How I Built a Personal AI Knowledge Base with Amazon Aurora pgvector and Next.js — AWS H0 Hackathon

#aws #aurora #h0hackathon #pgvector

I built ChatScroll for the AWS H0 Hackathon — an app that
lets you save AI answers as searchable "Scrolls" using
Amazon Aurora PostgreSQL with pgvector for semantic search.

The Problem

Every day people ask AI assistants valuable questions and
get great answers — then lose them forever. Chat history
is linear, unsearchable, and ephemeral. I kept re-Googling
the same questions knowing I had already found the answer
somewhere but couldn't find it again.

The Solution

ChatScroll transforms AI conversations into a personal
knowledge library. Save any AI answer as a "Scroll",
organize it automatically, and find it later with
semantic search.

The Core Technical Challenge

Making search understand MEANING not just keywords. When
you search "blood thinner medication" it should find your
warfarin scroll even though "blood thinner" doesn't appear
in the title.

How pgvector on Aurora Solves This

Amazon Aurora PostgreSQL with the pgvector extension stores
3072-dimensional vector embeddings for every saved Scroll.
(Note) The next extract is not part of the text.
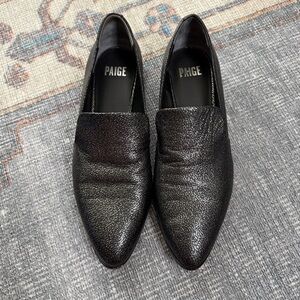 PAIGE Loafers Size 9 Black Metallic Leather Slip On Shoes Edgy‎ Rock Chic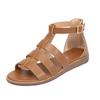 Außenhandel sommer neue einfache casual römischen sandalen offene spitze ferse flache sandalen frauen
When a user saves a Scroll:

The answer text is sent to Google's gemini-embedding-001
The model returns a 3072-dimensional vector
The vector is stored in Aurora alongside the content

When a user searches:

The search query is converted to a vector
Aurora finds the most similar vectors using cosine distance
Results are ranked by semantic similarity

-- Semantic search with threshold
WHERE 1 - (embedding <=> $queryVec) > 0.5
ORDER BY embedding <=> $queryVec
LIMIT 5

Three PostgreSQL Extensions Working Together

What makes Aurora special for this use case is three
extensions working together:

pgvector — stores 3072-dim embeddings, enables cosine
similarity search between vectors

ltree — stores folder paths as dot-separated label trees
(programming.containers), enables subtree queries without
recursive CTEs

tsvector — powers full-text search with ranking via
ts_rank, combined with pgvector for hybrid search

The Dual Database Architecture

I made a deliberate choice to use TWO AWS databases:

Amazon Aurora PostgreSQL for structured data:

Scrolls with embeddings
Folder hierarchy (ltree)
User accounts (Cognito sub)
Conversation metadata

Amazon DynamoDB for chat messages:

PK: conversationId
SK: timestamp#messageId
TTL: 90-day auto-expiry
PAY_PER_REQUEST billing

This separation keeps Aurora lean for complex queries
while DynamoDB handles the high-volume chat stream.

The Result

Searching "containerization technology" correctly surfaces
the Docker scroll. Searching "blood thinner medication"
finds warfarin — no programming results contaminating it.

Semantic search scoped to the same folder category
ensures results are always relevant.